A conformal field theory (CFT) is a quantum field theory that is invariant under conformal transformations. In two dimensions, there is an infinite-dimensional algebra of local conformal transformations, and conformal field theories can sometimes be exactly solved or classified.
Conformal field theory has important applications to string theory, statistical mechanics, and condensed matter physics. Statistical and condensed matter systems are indeed often conformally invariant at their thermodynamic or quantum critical points.
While it is possible for a quantum field theory to be scale invariant but not conformally-invariant, examples are rare. For this reason, the terms are often used interchangeably in the context of quantum field theory, even though the scale symmetry group is smaller.
In some particular cases it is possible to prove that scale invariance implies conformal invariance in a quantum field theory, for example in unitary compact conformal field theories in two dimensions.

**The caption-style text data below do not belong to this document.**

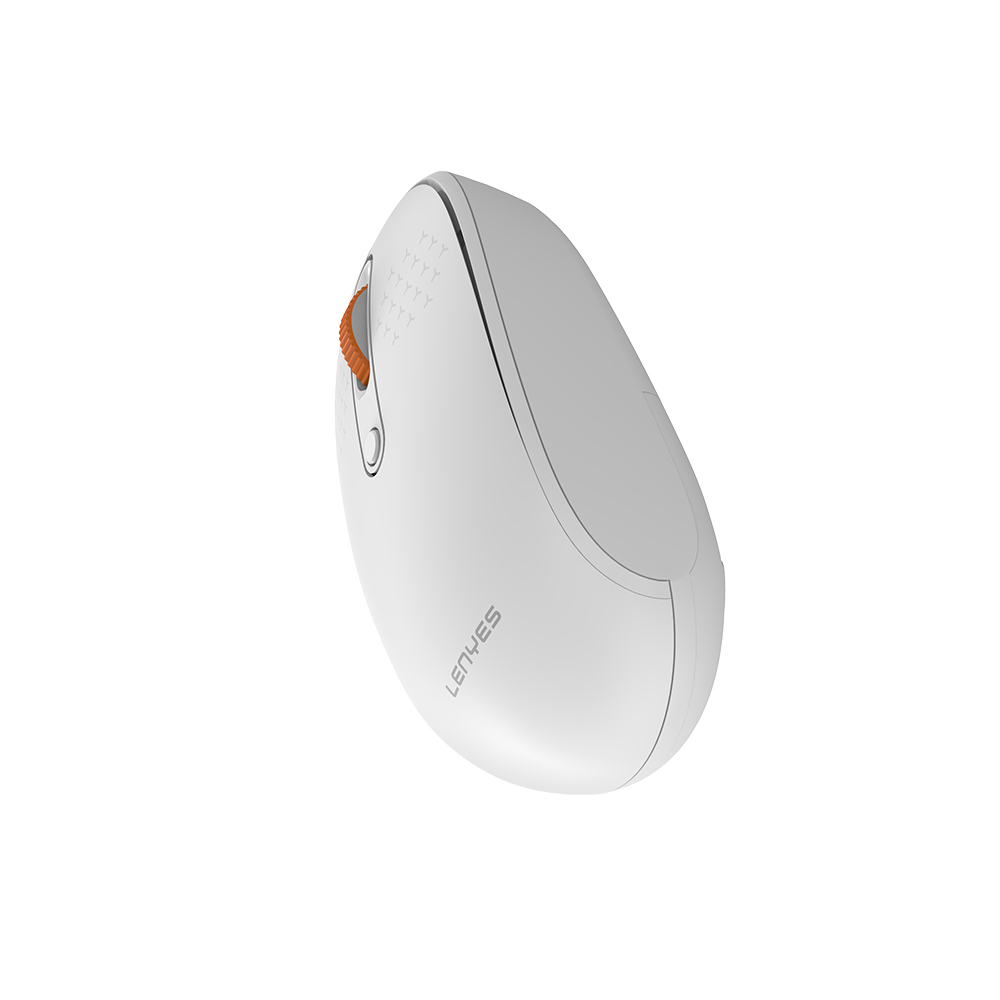 Lenyes WS101 Sessiz Buton Tasarımlı Ergonomik 2.4G Kablosuz Mouse 1600 DPI - 4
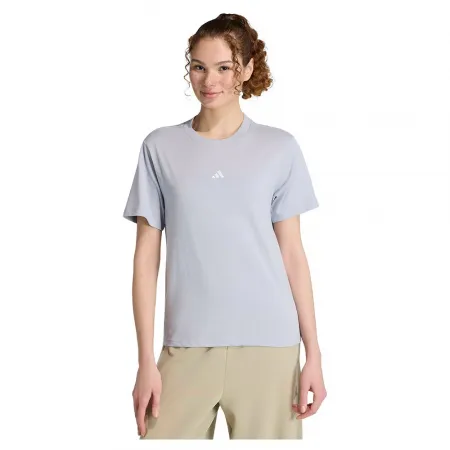 아디다스 에센셜 스몰 로고 코튼 반팔 티셔츠 142666464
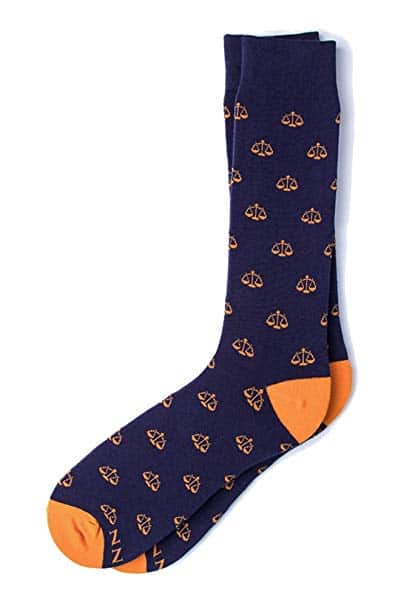 Scales Of Justice Socks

There are two versions of 2D CFT: 1) Euclidean, and 2) Lorentzian. The former applies to statistical mechanics, and the latter to quantum field theory. The two versions are related by a Wick rotation.
Two-dimensional CFTs are (in some way) invariant under an infinite-dimensional symmetry group. For example, consider a CFT on the Riemann sphere. It has the Möbius transformations as the conformal group, which is isomorphic to (the finite-dimensional) PSL(2,C).